Data:

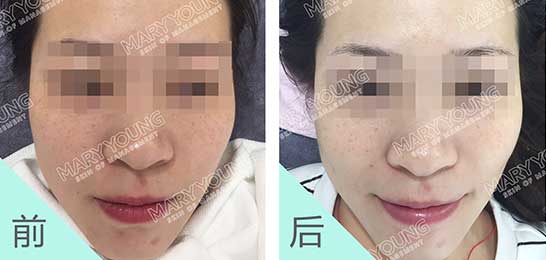 项目对比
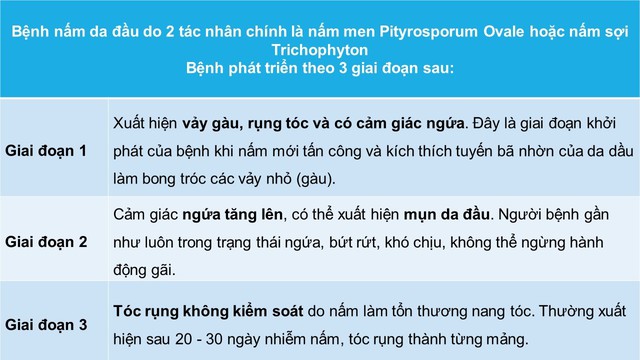 Nấm da đầu là gì? Nguyên nhân & cách cải thiện hiệu quả- Ảnh 1.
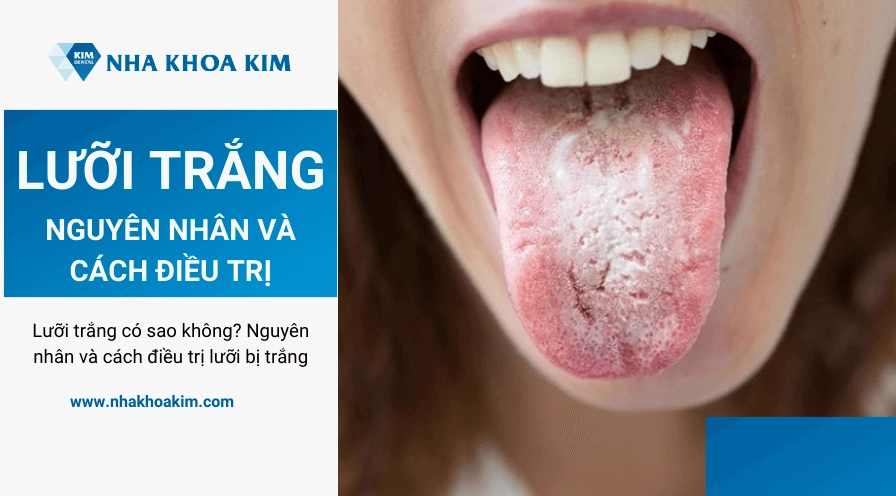 Lưỡi dơ là bệnh gì và những dấu hiệu cảnh báo sức khỏe quan trọng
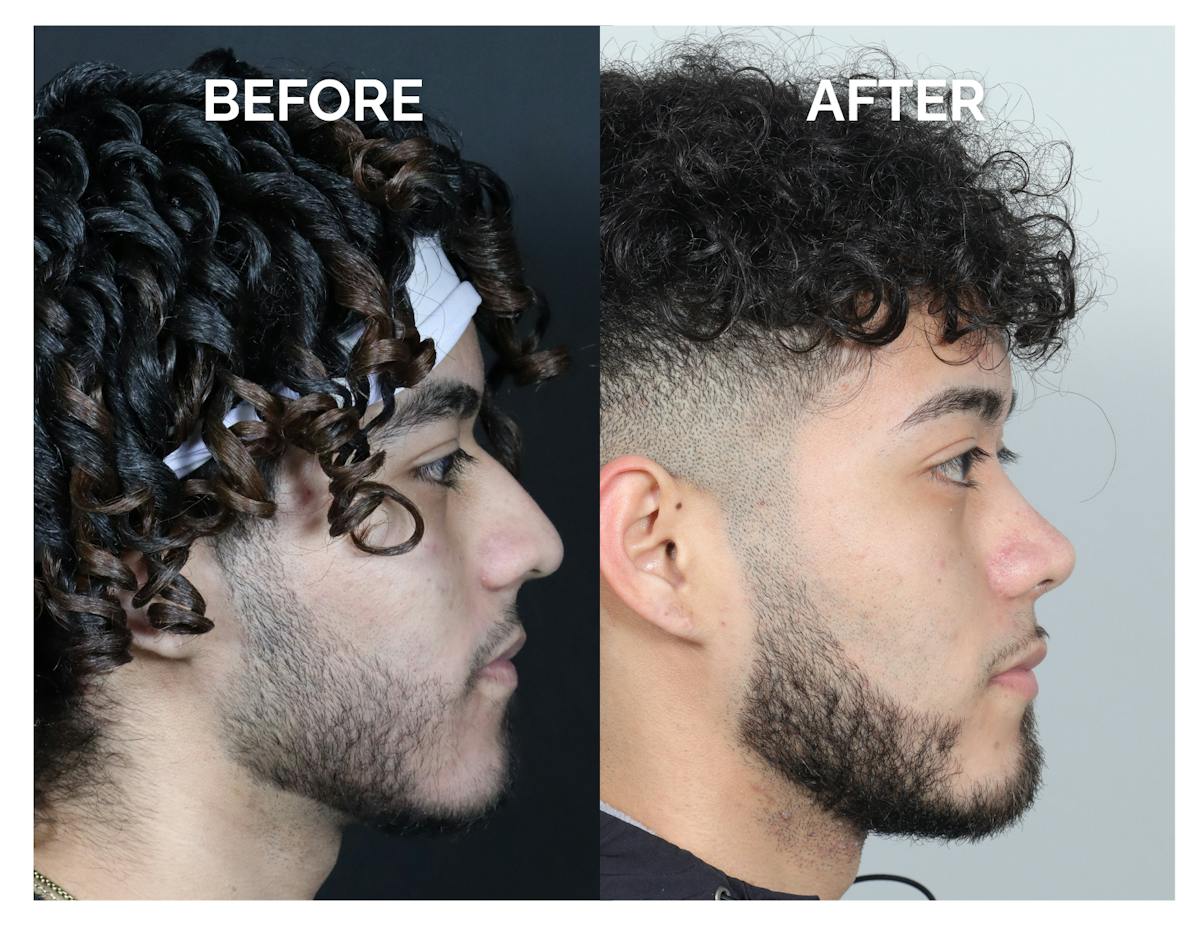 Rhinoplasty Before & After Gallery - Patient 579082 - Image 4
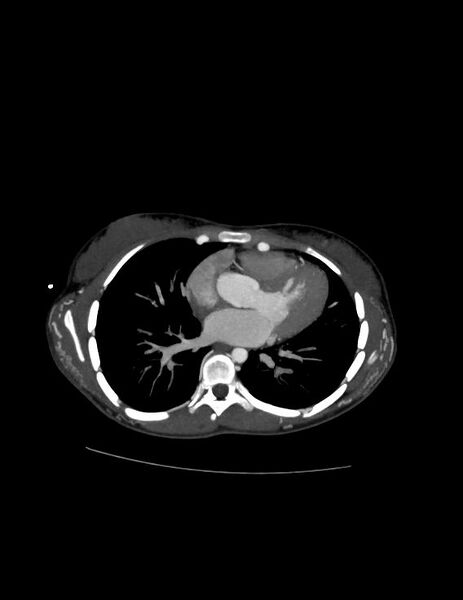 File:Coarctation of the aorta (Radiopaedia 27458-27657 D 15).jpg
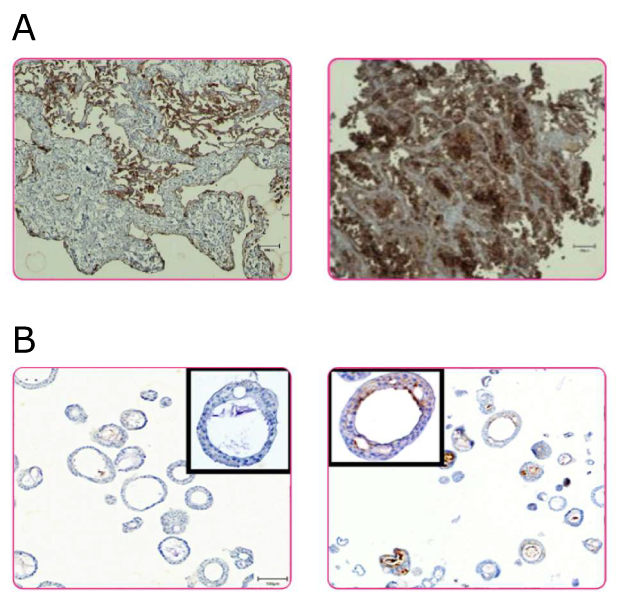 Organoid model selection Four images of the immunohistochemistry of normal and tumor patient tissues and patient-derived organoids.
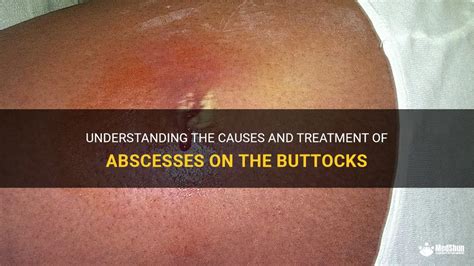 Understanding Abscesses: What You Need to Know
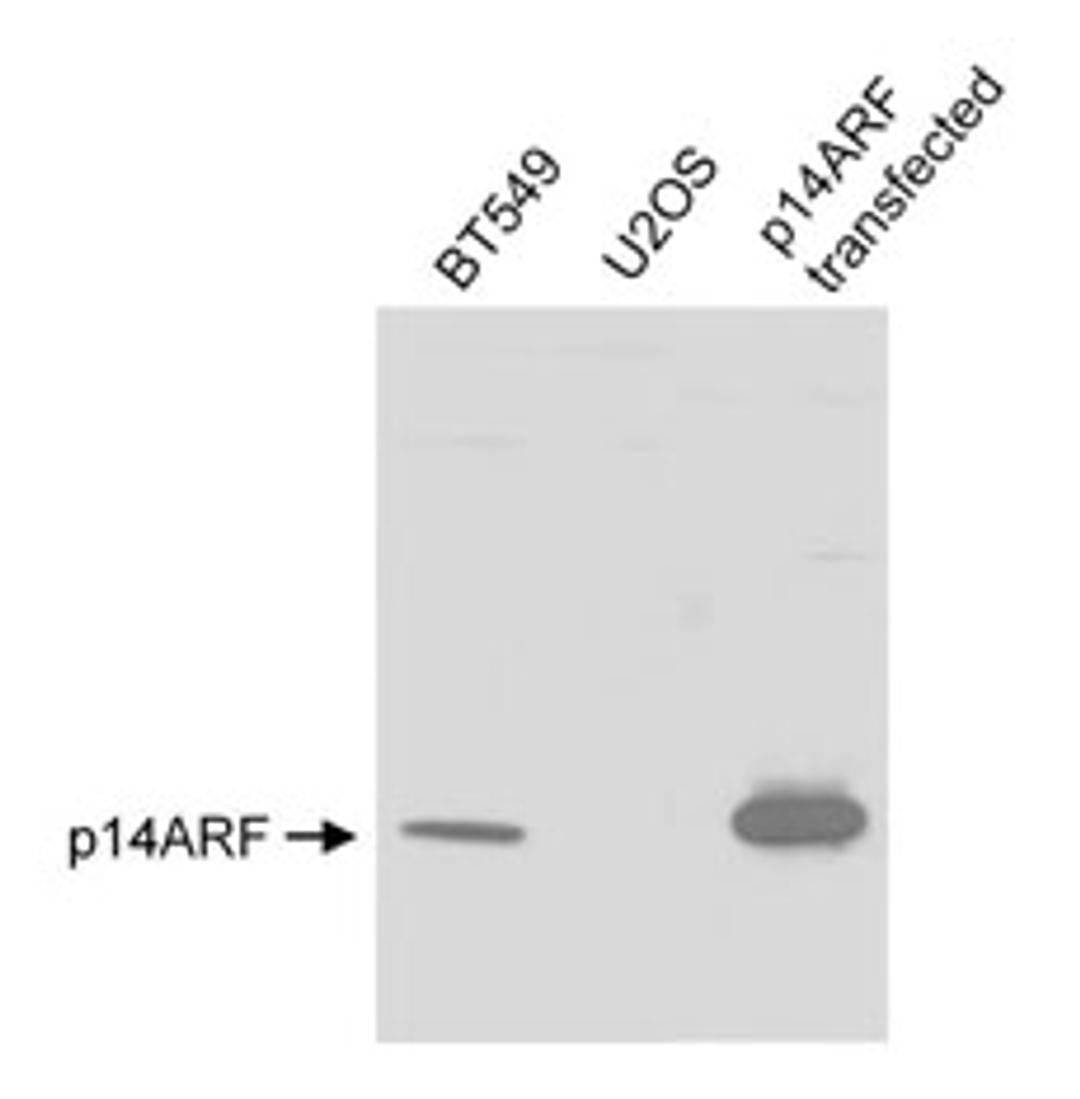 Detection of human p14ARF by western blot.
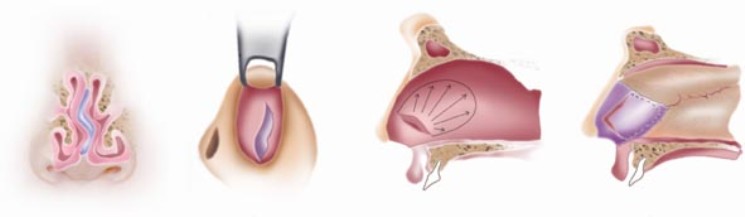 Septoplasty widens the air channels on either side of the nasal septum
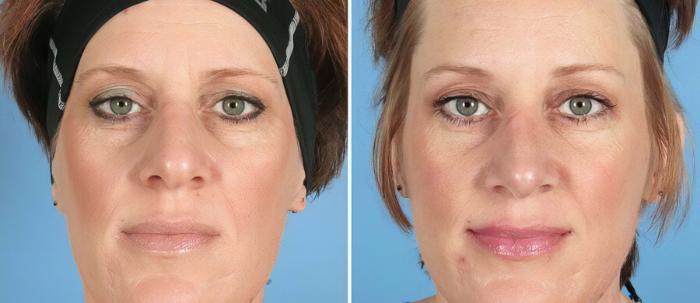Rhinoplasty Before & After Case 19422
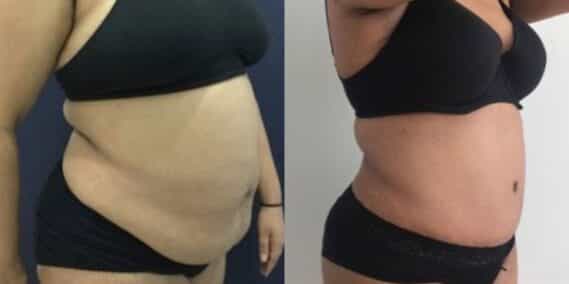 mommy makeover colombia 259-4-min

What this task involves:
For every entry above, write it out exactly and remove any image.

Task response:
 项目对比
 Nấm da đầu là gì? Nguyên nhân & cách cải thiện hiệu quả- Ảnh 1.
 Lưỡi dơ là bệnh gì và những dấu hiệu cảnh báo sức khỏe quan trọng
 Rhinoplasty Before & After Gallery - Patient 579082 - Image 4
 File:Coarctation of the aorta (Radiopaedia 27458-27657 D 15).jpg
 Organoid model selection Four images of the immunohistochemistry of normal and tumor patient tissues and patient-derived organoids.
 Understanding Abscesses: What You Need to Know
 Detection of human p14ARF by western blot.
 Septoplasty widens the air channels on either side of the nasal septum
Rhinoplasty Before & After Case 19422
 mommy makeover colombia 259-4-min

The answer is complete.